> **Web page caption snippets**:
⁂
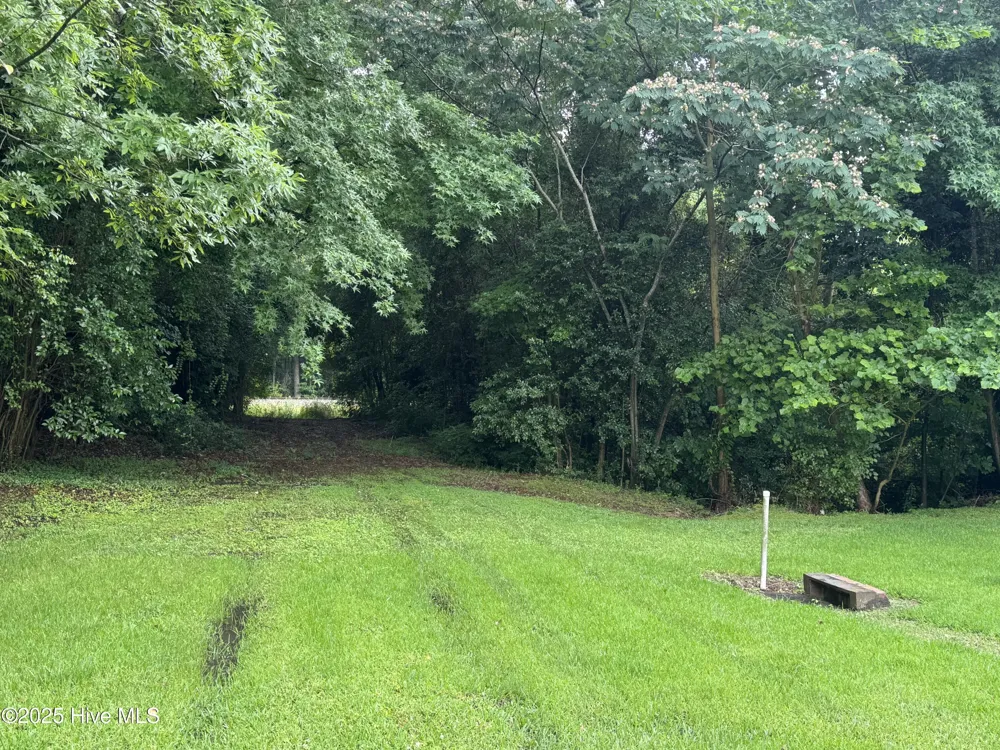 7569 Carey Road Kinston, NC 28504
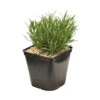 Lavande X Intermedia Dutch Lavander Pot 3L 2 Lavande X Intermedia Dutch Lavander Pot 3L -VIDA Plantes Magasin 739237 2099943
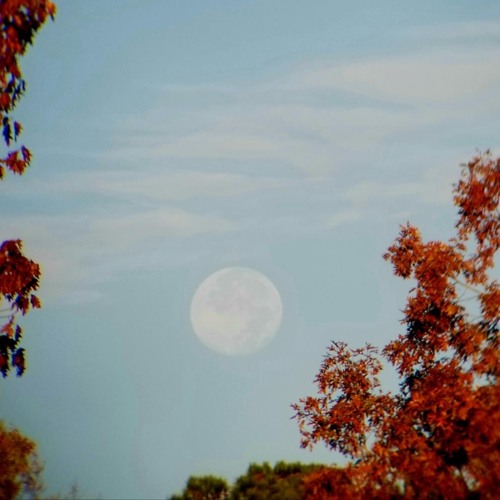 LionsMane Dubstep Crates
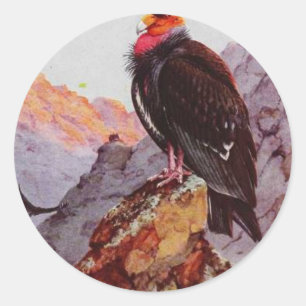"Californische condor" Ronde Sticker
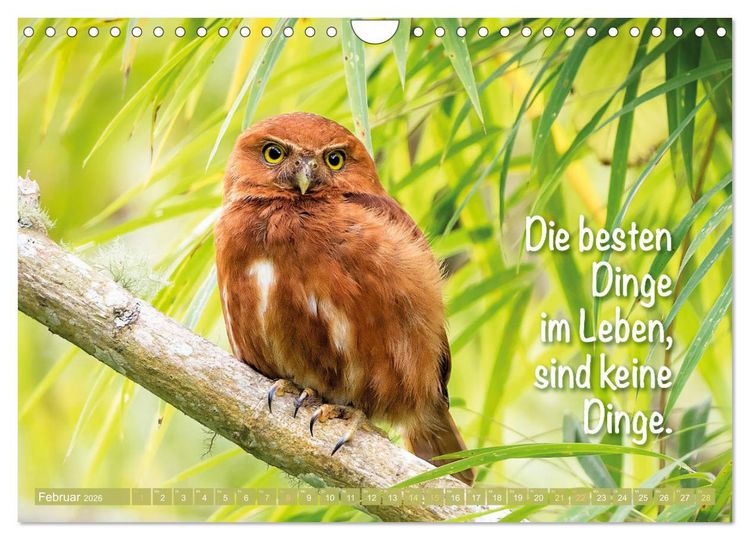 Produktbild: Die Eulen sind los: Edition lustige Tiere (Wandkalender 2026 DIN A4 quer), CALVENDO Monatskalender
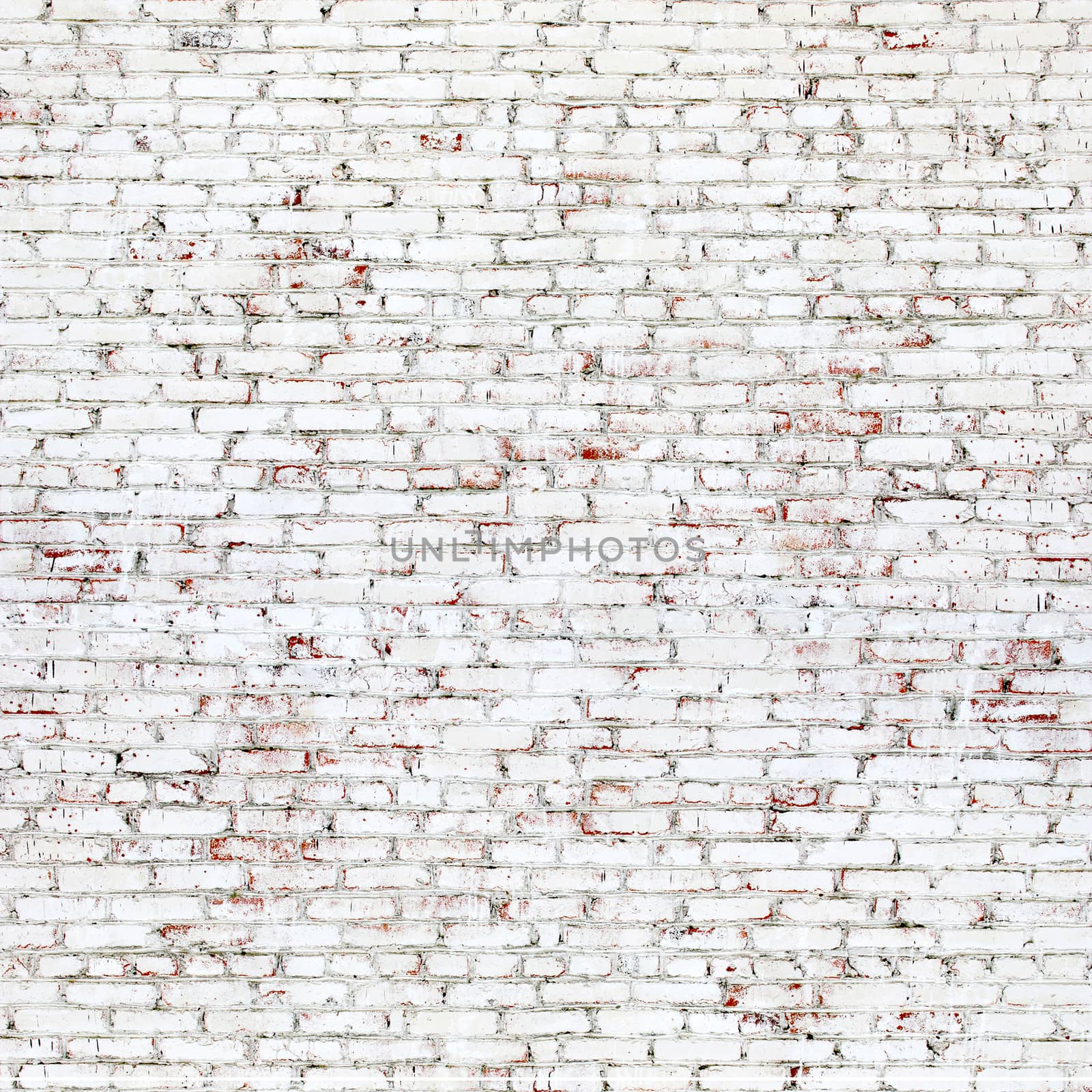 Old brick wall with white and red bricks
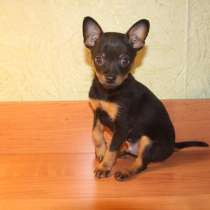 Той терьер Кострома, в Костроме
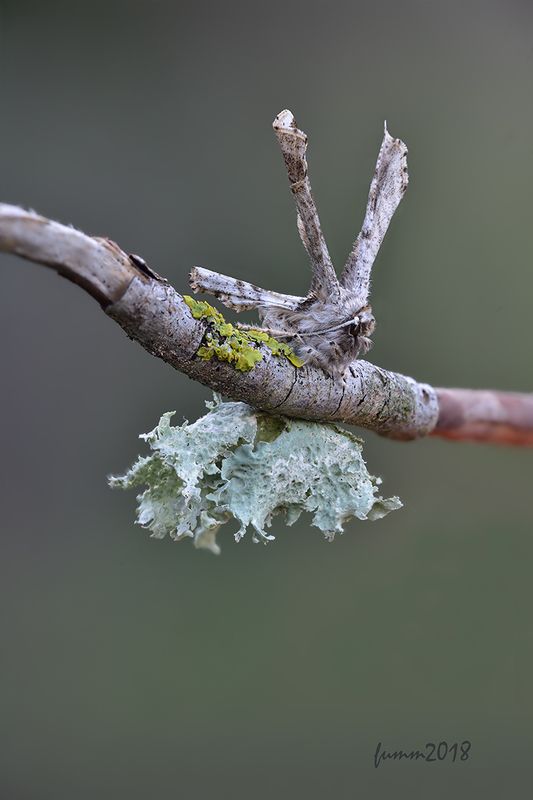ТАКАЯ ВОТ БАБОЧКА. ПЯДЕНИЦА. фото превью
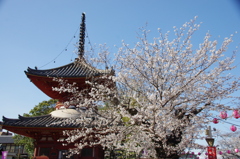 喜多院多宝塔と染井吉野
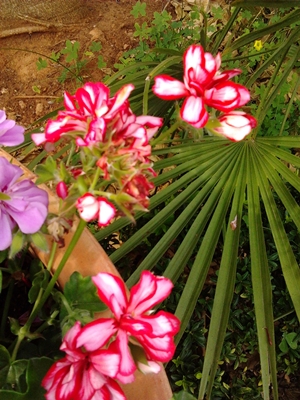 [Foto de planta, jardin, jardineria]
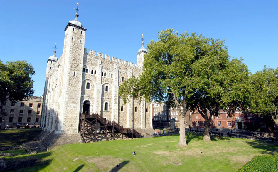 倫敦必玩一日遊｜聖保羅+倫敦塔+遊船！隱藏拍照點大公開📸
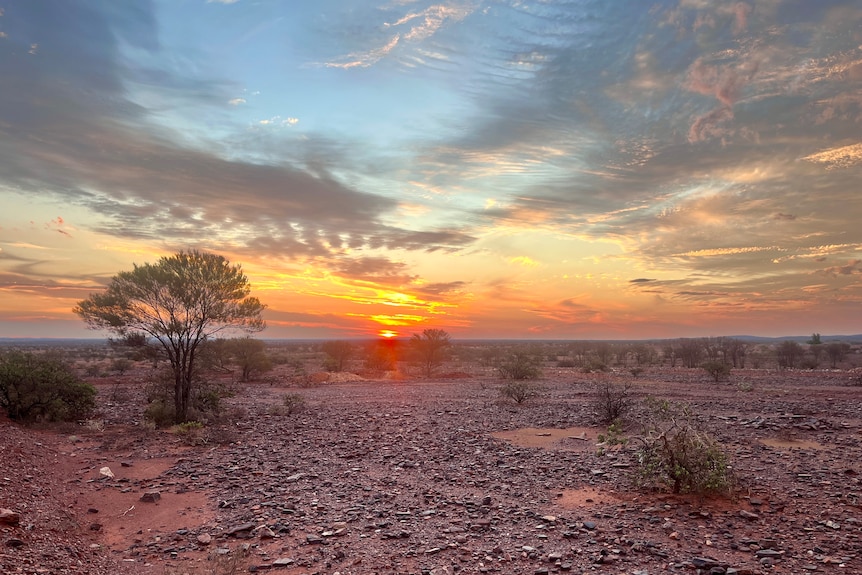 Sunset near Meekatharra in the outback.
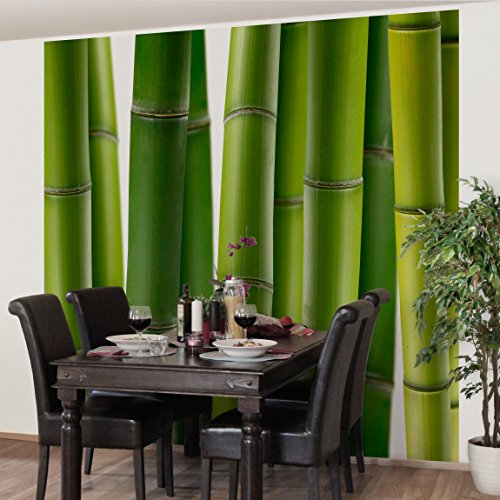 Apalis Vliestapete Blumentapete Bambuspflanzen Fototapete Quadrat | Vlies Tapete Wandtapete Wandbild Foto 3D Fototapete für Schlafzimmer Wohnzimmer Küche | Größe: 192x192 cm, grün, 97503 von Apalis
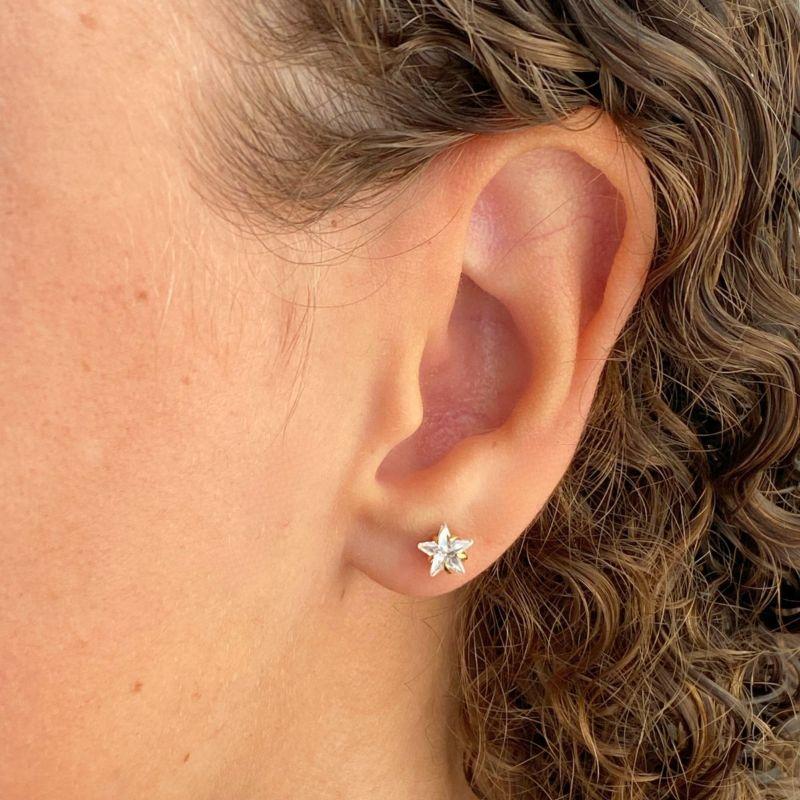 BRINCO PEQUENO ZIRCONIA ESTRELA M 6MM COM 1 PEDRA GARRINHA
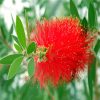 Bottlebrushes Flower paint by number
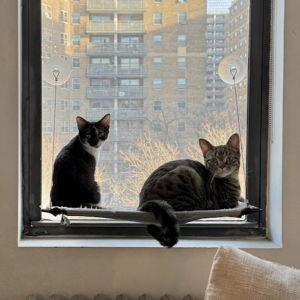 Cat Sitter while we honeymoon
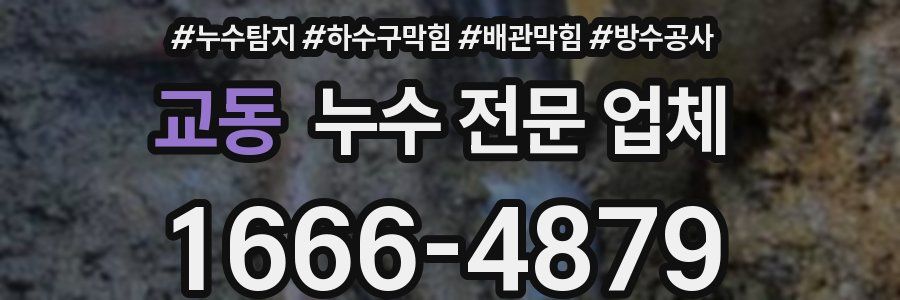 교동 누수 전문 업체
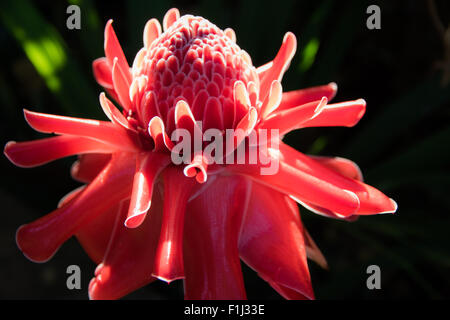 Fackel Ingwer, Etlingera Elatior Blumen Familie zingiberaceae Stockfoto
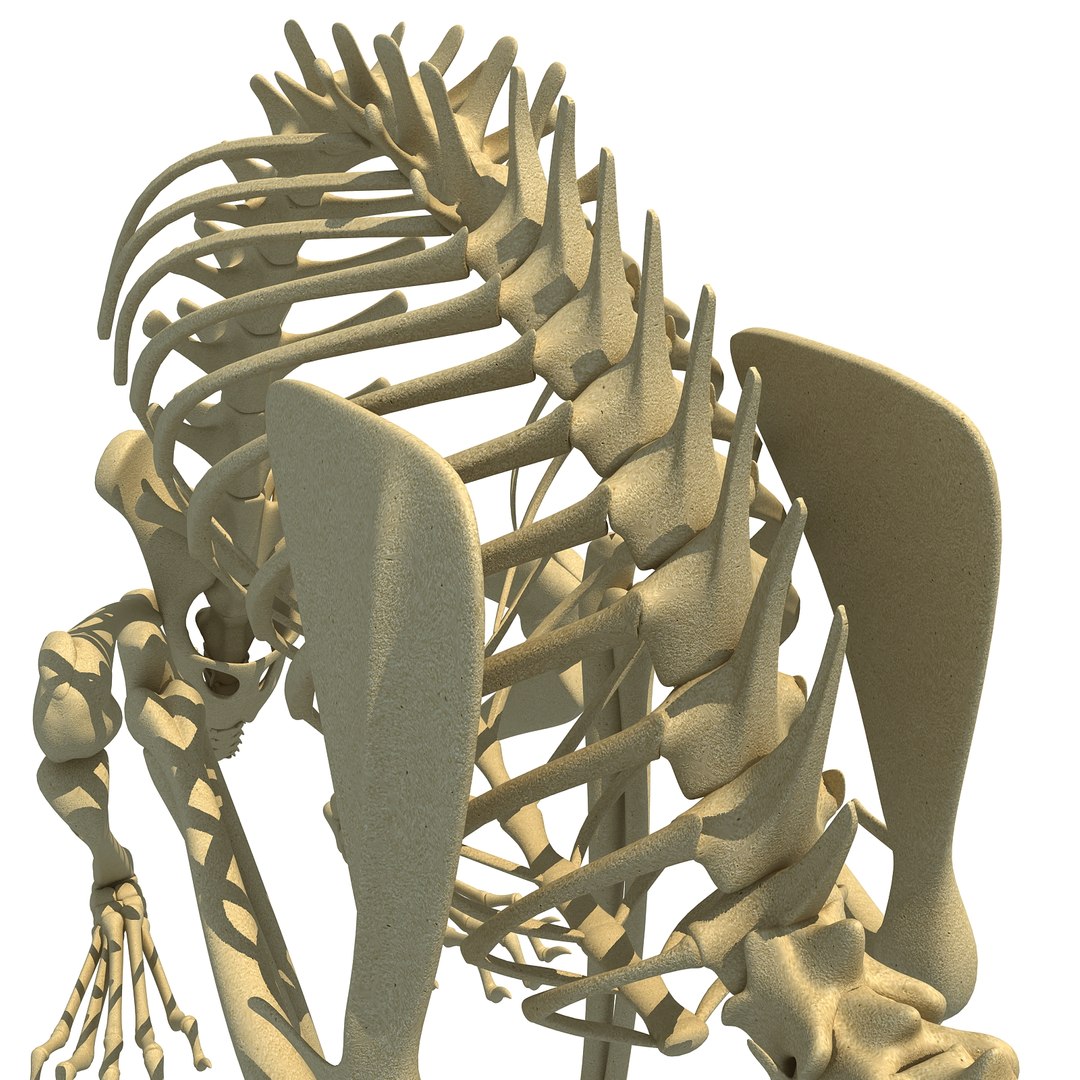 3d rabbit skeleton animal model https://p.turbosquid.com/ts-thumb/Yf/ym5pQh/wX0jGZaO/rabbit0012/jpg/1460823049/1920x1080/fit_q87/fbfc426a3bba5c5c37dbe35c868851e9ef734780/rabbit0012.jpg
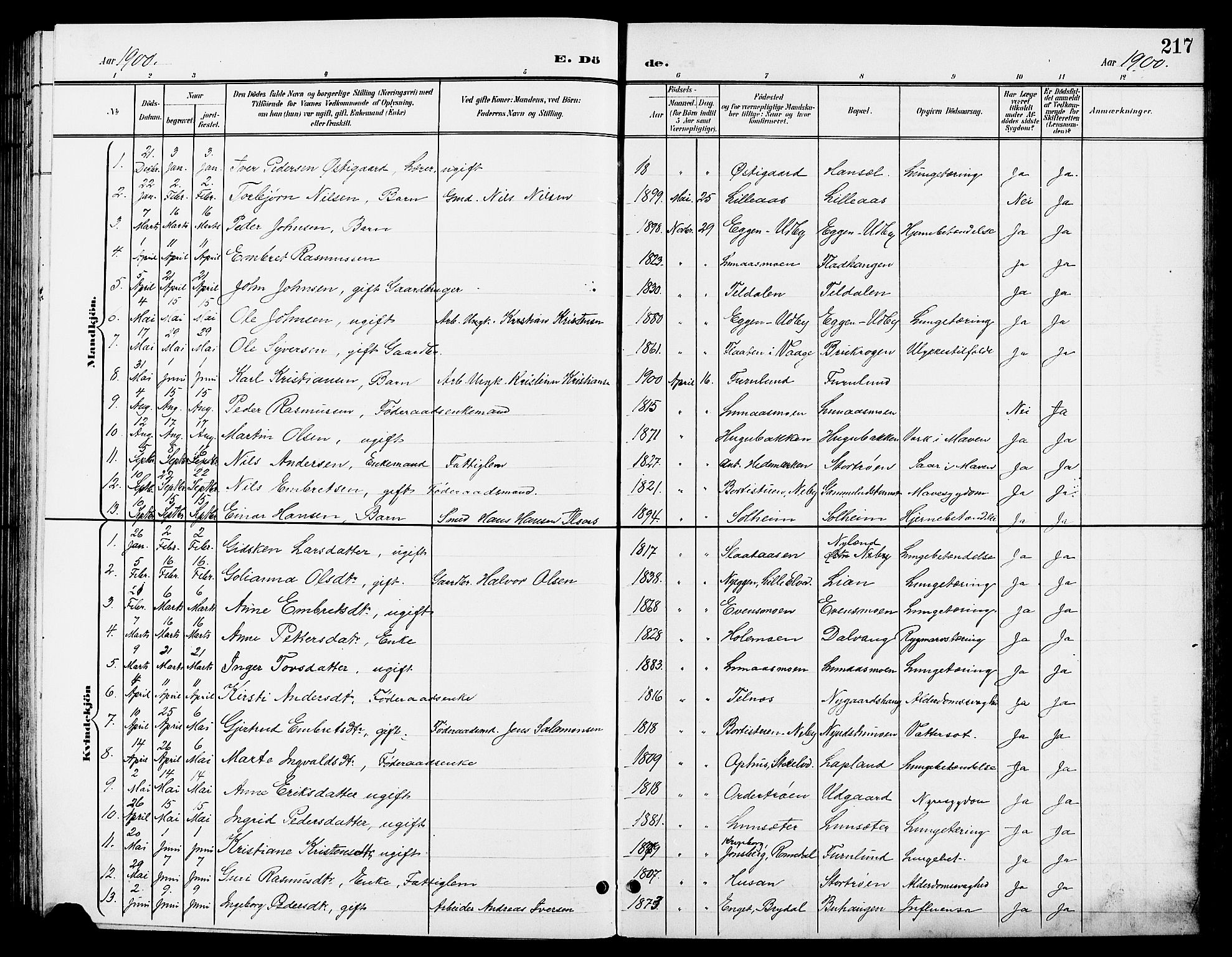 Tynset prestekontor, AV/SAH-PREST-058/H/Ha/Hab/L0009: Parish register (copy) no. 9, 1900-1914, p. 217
⁂
> **EXERCISE DESCRIPTION**: Give the records again exactly, without pictures.

> **ANSWER TO THIS PROBLEM**:
 7569 Carey Road Kinston, NC 28504
 Lavande X Intermedia Dutch Lavander Pot 3L 2 Lavande X Intermedia Dutch Lavander Pot 3L -VIDA Plantes Magasin 739237 2099943
 LionsMane Dubstep Crates
"Californische condor" Ronde Sticker
 Produktbild: Die Eulen sind los: Edition lustige Tiere (Wandkalender 2026 DIN A4 quer), CALVENDO Monatskalender
 Old brick wall with white and red bricks
 Той терьер Кострома, в Костроме
ТАКАЯ ВОТ БАБОЧКА. ПЯДЕНИЦА. фото превью
 喜多院多宝塔と染井吉野
 [Foto de planta, jardin, jardineria]
 倫敦必玩一日遊｜聖保羅+倫敦塔+遊船！隱藏拍照點大公開📸
 Sunset near Meekatharra in the outback.
 Apalis Vliestapete Blumentapete Bambuspflanzen Fototapete Quadrat | Vlies Tapete Wandtapete Wandbild Foto 3D Fototapete für Schlafzimmer Wohnzimmer Küche | Größe: 192x192 cm, grün, 97503 von Apalis
 BRINCO PEQUENO ZIRCONIA ESTRELA M 6MM COM 1 PEDRA GARRINHA
 Bottlebrushes Flower paint by number
 Cat Sitter while we honeymoon
 교동 누수 전문 업체
 Fackel Ingwer, Etlingera Elatior Blumen Familie zingiberaceae Stockfoto
 3d rabbit skeleton animal model https://p.turbosquid.com/ts-thumb/Yf/ym5pQh/wX0jGZaO/rabbit0012/jpg/1460823049/1920x1080/fit_q87/fbfc426a3bba5c5c37dbe35c868851e9ef734780/rabbit0012.jpg
 Tynset prestekontor, AV/SAH-PREST-058/H/Ha/Hab/L0009: Parish register (copy) no. 9, 1900-1914, p. 217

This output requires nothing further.